As the community expanded, so did its spiritual organizations. In 1967, Max was one of the founders of Boca Raton Hebrew Congregation, now Temple Beth El, and served as its first president. Temple Beth El is now one of the largest Reform synagogues in the area.
With restrictive real estate covenants gone in the ’60s, obstacles for Jewish residents were removed. The opening of FAU in 1964 and the arrival of IBM in 1967 attracted Jewish professionals to the area. The fiscal crisis and unrest in New York City during the ’70s motivated Jewish retirees to pull up stakes as new communities were developed in West Boca. The opening of Interstate 95 made travel easy.
To fulfill the needs of a growing Jewish population, a small satellite office of the Jewish Federation of Palm Beach opened downtown in 1976. By 1979, the JFSPBC was incorporated as a separate entity to provide for its constituency. The Federation is a network of Jewish and social service organizations, synagogues and schools that provide services and programs.
In 1981, Roy Flack, Stanley Katz and Richard Siemens donated 20 acres of land in West Boca to the Federation. Today, the Richard & Carole Siemens Campus sits on 100 acres and houses the Federation, Donna Klein Jewish Academy for K-12, Ruth & Norman Rales Jewish Family Services (Rales JFS), Jewish Association for Residential Care (JARC), Adolph & Rose Levis Jewish Community Center, Katz Hillel Day School of Boca Raton, Katz Yeshiva High School, Jewish Community Foundation, The Toby & Leon Cooperman Sinai Residences Boca Raton and other programs and services.
Jews of all backgrounds live in a strong community in Boca Raton through the leadership of rabbis of all denominations coming together to address common goals. The Federation received the prestigious Jerusalem Unity Prize from Israel honoring its success in uniting the streams of Judaism.
Jewish philanthropists have made transformational contributions to the development of community life in Boca Raton, supporting education, health care and the arts and sciences. The Boca Raton Regional Hospital (BRRH) Foundation, FAU, Lynn University, the Boca Raton Museum of Art and Festival of the Arts Boca are just some of the beneficiaries. The generosity of the Jewish community can be traced back to Max, who paid for Christmas lights for the city.

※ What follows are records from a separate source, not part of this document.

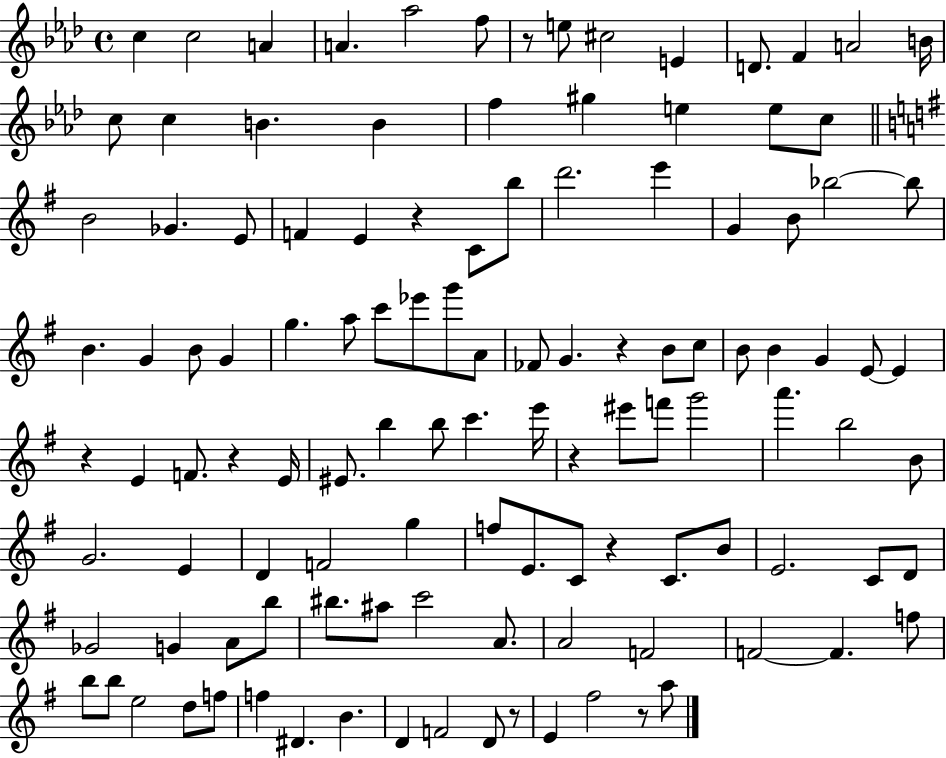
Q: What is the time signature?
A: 4/4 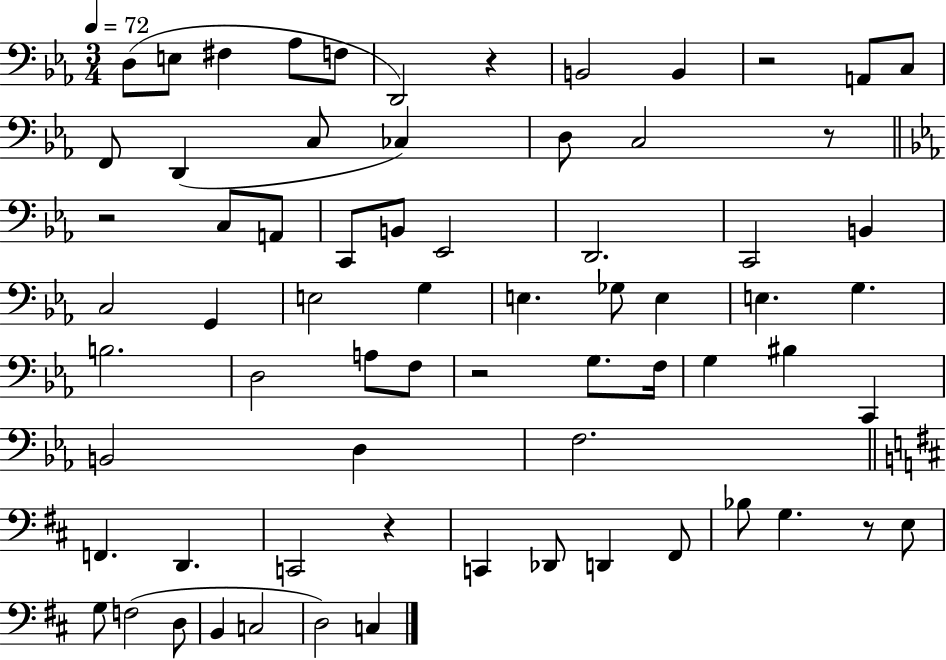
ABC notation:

X:1
T:Untitled
M:3/4
L:1/4
K:Eb
D,/2 E,/2 ^F, _A,/2 F,/2 D,,2 z B,,2 B,, z2 A,,/2 C,/2 F,,/2 D,, C,/2 _C, D,/2 C,2 z/2 z2 C,/2 A,,/2 C,,/2 B,,/2 _E,,2 D,,2 C,,2 B,, C,2 G,, E,2 G, E, _G,/2 E, E, G, B,2 D,2 A,/2 F,/2 z2 G,/2 F,/4 G, ^B, C,, B,,2 D, F,2 F,, D,, C,,2 z C,, _D,,/2 D,, ^F,,/2 _B,/2 G, z/2 E,/2 G,/2 F,2 D,/2 B,, C,2 D,2 C,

Clockwise from left: The newly completed Boca Raton Town Hall viewed from Federal Highway, circa 1927, with volunteer fire department posing on top of Old Betsy, Boca Raton's first fire engine; Boca Raton City Council members Marc Wigder, Yvette Drucker, Scott Singer, Fran Nachlas and Andy Thomson in front of the Sanborn Square Boca Raton sign; Vintage map of Florida showing 'Boca Ratones' was on what today is Miami Beach
Moving Forward
“Today, at the dawn of the new century, we commit to reaching even higher,” said Mayor Scott Singer in his City Address in March at Mizner Park Amphitheater. “At our core, Boca Raton’s DNA is about innovation, it’s about making opportunity a reality. It’s about progress, about accountability and it was, and must continue to be, about getting things done.”

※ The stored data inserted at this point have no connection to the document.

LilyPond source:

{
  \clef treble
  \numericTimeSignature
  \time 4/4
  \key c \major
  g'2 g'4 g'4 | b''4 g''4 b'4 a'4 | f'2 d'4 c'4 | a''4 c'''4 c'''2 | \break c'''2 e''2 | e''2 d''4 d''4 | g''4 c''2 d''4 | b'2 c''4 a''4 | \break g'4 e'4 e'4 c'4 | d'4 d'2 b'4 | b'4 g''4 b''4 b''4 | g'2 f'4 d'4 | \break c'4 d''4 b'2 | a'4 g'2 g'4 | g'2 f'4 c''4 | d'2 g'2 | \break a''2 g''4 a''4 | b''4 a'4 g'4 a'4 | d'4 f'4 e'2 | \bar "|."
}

The City of Boca Raton has plans to expand its 30-acre government campus, which includes City Hall, the community center and the police station, to replace outdated facilities. The current City Hall has been in use since 1964. The proposed mixed-use transit-oriented master plan, through a public-private partnership with Terra and Frisbie Group, will transform the area into a civic and mixed-use center with housing, public facilities and services that meet the evolving needs of the city and community.
A master plan and partnership agreement are expected to be completed by the end of October, with the project’s estimated cost totaling $2 billion. The campus is expected to take approximately nine years to complete.
“Our city is known for forward-thinking decisions,” Singer said. “For our next 100 years, we need to lean into that legacy.”